Defense and timely scoring. It’s a trend that sounds more appropriate on the baseball diamond, but it has Cal Poly 4-0 to start the season for the first time since 2004 and 2-0 in its first season in the Big Sky Conference.
After North Dakota (3-2, 1-1 Big Sky) took a 17-14 lead early in the fourth quarter, Cal Poly running back Cole Stanford had a career-long 65-yard run to set up the go-ahead 3-yard touchdown plunge by quarterback Andre Broadous, the start of 21 unanswered fourth-quarter points for the Mustangs. Stanford’s run came after five fruitless Mustangs possessions. Cal Poly got its lead with back-to-back touchdowns in the first quarter, the first on a 20-yard touchdown pass from Andre Broadous to Stanford, but after Deonte Williams’ 3-yard scoring run on the next drive, the Mustangs punted three times and missed a 39-yard field goal.

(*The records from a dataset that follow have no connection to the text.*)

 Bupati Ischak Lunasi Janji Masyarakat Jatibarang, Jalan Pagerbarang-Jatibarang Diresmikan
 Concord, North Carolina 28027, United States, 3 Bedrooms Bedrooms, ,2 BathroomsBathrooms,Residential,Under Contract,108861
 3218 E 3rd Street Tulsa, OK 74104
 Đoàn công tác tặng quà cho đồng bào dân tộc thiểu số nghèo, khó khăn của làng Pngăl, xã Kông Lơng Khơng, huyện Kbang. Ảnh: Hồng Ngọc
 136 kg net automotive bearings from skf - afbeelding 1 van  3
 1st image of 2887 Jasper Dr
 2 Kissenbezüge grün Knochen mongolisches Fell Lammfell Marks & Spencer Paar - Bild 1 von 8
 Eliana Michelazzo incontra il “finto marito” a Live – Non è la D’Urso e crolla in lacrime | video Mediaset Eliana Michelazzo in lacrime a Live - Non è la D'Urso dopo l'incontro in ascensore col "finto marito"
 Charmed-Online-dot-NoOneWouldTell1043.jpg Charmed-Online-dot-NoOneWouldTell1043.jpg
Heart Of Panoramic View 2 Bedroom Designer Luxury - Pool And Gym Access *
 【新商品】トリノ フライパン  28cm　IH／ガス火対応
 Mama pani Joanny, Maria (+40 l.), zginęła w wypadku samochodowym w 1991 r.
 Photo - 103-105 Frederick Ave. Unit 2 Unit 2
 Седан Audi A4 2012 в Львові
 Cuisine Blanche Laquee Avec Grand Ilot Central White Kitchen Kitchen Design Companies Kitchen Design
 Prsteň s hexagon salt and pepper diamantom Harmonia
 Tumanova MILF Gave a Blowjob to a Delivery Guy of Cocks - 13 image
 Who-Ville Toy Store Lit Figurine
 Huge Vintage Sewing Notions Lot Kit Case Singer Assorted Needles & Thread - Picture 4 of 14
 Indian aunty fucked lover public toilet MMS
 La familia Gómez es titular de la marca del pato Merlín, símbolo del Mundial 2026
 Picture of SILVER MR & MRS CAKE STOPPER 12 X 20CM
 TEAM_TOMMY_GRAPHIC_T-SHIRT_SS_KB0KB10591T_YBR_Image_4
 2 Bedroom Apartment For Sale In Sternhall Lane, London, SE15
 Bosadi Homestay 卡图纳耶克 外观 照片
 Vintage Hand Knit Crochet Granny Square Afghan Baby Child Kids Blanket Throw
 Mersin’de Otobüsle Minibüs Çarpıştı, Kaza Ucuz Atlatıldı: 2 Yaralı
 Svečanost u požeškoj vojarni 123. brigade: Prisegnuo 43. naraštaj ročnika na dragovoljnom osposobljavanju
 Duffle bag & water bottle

The similarities to the victory over the Cowboys were almost eerie.
In that game, Cal Poly had six scoreless possessions after taking a 14-0 lead after the first two possessions while Wyoming came back to take a one-point lead.
Both times, the Mustangs got the winning score in the fourth quarter. Only now, it might be time to start crediting the defense more than anything.
North Dakota came into the game averaging 46.8 points per game, tops in the Big Sky and third in the FCS. The fewest points North Dakota had scored was 35 in a dominant victory over Sacramento State last week. North Dakota also scored 41 points in a narrow loss at San Diego State.
But Cal Poly, with a defense coming off a season in which it gave up passing yards at an embarrassing rate, has not only looked much improved. The Mustangs are becoming a well-rounded standout defense at the FCS level.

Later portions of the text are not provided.